The Dark Tower IV: Wizard and Glass is a misnomer in the extensive and sometimes bloated Dark Tower cycle. The 7-part fantasy epic is put on hold for upwards of 850 pages, as Roland, the lead character and the guy who looks eerily similar to Clint Eastwood circa 1965, finds love in the small town settlement of Mejis.

The book dawdles for chapter after chapter in a seemingly endless run of mild tension boosts and inner-cast turmoil. Roland has a few friends along for the ride, but neither are particularly favorable to his moon-filled evening bouts with Susan delgado who is “owned” by the comically evil mayor of the town.

Wizard and Glass is a slog. A pure drag through the mud that I found entirely too predictable about 150 pages in.

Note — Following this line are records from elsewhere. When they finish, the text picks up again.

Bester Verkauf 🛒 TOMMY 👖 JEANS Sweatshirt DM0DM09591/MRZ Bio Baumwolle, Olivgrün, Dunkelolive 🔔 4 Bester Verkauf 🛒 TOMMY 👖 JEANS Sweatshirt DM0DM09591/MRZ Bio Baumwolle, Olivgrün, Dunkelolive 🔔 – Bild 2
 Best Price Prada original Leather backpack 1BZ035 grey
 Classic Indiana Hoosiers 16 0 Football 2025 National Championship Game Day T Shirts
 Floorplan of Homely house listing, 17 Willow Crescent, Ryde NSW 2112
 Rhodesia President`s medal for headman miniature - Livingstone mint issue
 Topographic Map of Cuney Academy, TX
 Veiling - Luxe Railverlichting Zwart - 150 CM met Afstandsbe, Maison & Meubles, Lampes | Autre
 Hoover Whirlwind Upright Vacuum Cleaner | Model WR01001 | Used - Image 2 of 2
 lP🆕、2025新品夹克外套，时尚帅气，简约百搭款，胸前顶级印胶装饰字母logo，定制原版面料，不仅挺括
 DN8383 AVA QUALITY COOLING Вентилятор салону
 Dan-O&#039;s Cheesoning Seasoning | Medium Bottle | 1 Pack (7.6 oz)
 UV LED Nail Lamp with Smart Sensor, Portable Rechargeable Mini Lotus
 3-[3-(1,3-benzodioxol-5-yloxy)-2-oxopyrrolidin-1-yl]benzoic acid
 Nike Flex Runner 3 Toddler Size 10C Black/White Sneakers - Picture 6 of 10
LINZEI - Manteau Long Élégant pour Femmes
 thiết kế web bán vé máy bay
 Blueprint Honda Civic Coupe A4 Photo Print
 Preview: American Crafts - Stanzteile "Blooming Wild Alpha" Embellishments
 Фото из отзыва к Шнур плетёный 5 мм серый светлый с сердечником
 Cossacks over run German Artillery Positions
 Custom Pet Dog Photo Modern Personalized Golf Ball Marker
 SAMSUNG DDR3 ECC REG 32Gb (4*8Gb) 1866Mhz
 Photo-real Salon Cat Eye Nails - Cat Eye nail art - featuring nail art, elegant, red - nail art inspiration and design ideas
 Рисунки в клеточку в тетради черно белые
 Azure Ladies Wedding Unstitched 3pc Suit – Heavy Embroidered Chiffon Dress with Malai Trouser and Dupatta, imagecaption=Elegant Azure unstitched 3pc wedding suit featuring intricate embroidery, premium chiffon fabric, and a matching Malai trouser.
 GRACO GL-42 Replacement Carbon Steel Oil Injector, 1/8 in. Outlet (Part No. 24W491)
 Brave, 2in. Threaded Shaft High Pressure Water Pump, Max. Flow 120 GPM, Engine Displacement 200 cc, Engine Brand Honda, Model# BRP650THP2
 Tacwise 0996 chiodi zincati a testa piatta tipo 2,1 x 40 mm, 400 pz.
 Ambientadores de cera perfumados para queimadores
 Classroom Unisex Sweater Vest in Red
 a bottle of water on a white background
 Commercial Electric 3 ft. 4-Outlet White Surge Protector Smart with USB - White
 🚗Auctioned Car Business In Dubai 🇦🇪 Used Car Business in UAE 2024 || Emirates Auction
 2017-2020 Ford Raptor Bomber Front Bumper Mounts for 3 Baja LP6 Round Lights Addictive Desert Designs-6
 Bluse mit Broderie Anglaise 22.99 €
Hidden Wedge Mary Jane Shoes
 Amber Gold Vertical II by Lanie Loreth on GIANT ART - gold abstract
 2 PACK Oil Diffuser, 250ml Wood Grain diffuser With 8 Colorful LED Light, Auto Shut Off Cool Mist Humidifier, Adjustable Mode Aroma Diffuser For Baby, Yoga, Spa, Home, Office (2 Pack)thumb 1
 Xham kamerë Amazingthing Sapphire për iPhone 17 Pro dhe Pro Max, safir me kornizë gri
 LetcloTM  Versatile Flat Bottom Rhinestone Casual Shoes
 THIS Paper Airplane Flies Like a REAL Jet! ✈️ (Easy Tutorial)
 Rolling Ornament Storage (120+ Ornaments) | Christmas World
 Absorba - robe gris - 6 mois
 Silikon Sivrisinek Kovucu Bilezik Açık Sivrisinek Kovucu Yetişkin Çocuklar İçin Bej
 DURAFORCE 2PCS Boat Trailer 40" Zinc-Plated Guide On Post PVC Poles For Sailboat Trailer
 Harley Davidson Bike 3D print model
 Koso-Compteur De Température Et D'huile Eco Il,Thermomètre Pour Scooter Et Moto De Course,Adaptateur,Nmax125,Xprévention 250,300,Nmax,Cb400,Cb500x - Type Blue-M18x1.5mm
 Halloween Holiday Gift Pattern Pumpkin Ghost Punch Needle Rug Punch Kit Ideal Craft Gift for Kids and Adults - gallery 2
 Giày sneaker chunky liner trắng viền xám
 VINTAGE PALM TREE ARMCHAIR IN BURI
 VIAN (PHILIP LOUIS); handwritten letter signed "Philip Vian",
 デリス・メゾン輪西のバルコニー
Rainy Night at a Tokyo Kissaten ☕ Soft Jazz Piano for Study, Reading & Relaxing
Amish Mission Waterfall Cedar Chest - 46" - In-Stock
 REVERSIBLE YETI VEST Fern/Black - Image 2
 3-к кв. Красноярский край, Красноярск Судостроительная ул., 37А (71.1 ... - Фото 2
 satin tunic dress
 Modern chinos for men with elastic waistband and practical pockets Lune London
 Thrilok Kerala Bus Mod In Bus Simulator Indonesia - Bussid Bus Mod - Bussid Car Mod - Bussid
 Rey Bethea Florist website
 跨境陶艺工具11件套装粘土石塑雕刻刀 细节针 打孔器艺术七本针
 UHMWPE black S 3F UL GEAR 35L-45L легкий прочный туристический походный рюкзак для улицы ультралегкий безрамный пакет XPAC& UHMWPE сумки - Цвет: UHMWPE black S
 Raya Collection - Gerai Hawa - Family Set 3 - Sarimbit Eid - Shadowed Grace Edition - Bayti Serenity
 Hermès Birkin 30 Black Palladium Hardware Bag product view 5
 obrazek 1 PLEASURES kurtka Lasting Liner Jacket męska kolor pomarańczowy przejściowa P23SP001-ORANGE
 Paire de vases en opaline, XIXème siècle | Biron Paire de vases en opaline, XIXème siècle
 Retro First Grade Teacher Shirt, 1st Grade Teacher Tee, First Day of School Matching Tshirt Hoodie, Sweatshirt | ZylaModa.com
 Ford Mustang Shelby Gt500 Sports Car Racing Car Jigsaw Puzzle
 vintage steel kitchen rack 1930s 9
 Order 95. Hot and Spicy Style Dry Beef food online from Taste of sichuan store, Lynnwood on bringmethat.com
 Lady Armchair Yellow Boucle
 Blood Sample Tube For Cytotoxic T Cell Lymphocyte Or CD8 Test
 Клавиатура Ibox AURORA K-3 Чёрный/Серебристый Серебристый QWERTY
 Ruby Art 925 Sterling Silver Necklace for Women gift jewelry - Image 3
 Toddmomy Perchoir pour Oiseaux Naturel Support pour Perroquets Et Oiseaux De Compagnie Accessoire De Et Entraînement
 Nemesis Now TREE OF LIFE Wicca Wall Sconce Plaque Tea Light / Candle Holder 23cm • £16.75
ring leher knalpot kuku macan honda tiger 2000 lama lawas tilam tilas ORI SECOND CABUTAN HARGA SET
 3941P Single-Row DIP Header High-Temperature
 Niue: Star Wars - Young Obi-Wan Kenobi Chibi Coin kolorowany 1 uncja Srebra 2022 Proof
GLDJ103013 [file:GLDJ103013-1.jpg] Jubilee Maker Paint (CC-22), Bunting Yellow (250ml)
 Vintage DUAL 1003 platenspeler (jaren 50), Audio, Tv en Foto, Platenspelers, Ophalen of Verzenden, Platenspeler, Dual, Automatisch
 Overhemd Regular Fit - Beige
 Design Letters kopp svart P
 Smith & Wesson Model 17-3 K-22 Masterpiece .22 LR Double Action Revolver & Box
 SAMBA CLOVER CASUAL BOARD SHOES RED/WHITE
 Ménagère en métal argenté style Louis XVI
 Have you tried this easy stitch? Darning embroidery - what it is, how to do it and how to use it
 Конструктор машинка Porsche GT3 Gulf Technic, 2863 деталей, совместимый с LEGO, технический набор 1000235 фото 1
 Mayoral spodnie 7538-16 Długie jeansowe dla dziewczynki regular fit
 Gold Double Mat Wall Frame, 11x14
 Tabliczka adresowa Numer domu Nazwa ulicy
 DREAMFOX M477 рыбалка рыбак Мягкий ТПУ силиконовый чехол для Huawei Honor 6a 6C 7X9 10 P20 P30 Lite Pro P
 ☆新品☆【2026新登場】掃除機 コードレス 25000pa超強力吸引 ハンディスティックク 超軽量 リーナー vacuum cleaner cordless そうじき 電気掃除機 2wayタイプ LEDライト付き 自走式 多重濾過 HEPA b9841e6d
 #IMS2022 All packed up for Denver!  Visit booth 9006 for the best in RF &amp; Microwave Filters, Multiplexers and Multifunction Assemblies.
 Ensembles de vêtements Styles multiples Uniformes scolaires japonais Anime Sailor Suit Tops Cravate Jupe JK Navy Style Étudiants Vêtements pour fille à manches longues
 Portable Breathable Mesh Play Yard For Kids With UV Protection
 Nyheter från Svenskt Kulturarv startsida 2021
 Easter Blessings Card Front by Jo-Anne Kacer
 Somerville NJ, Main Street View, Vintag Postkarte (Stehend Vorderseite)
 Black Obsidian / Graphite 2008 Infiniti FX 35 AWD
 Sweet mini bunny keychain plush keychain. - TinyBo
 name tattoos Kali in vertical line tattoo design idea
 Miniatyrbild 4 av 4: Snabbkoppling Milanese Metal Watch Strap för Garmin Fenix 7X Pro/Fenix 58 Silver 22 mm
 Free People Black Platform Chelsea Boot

It may have worked as a nice “small village” encounter condensed to 150 pages, but it dragged all these characters into needlessly dull directions and regurgitated arguments, love, and these same cycles ad nauseum for these paper characters.

Worst yet, the book took a debilitating pause on the larger action. After the cast defeat the crazy train from the previous volume, they sit by a campfire and Roland shares this story. It’s an important one for his development, but in typical King fashion, it is stretched to its finite limits. If Wizard and Glass was condensed or sprinkled out throughout the narrative or the entire series, it could have been more digestible. In this format, it is an information dump that results in one foregone conclusion. It took us way too long to get there, made worse by a core temporary cast of weak characters.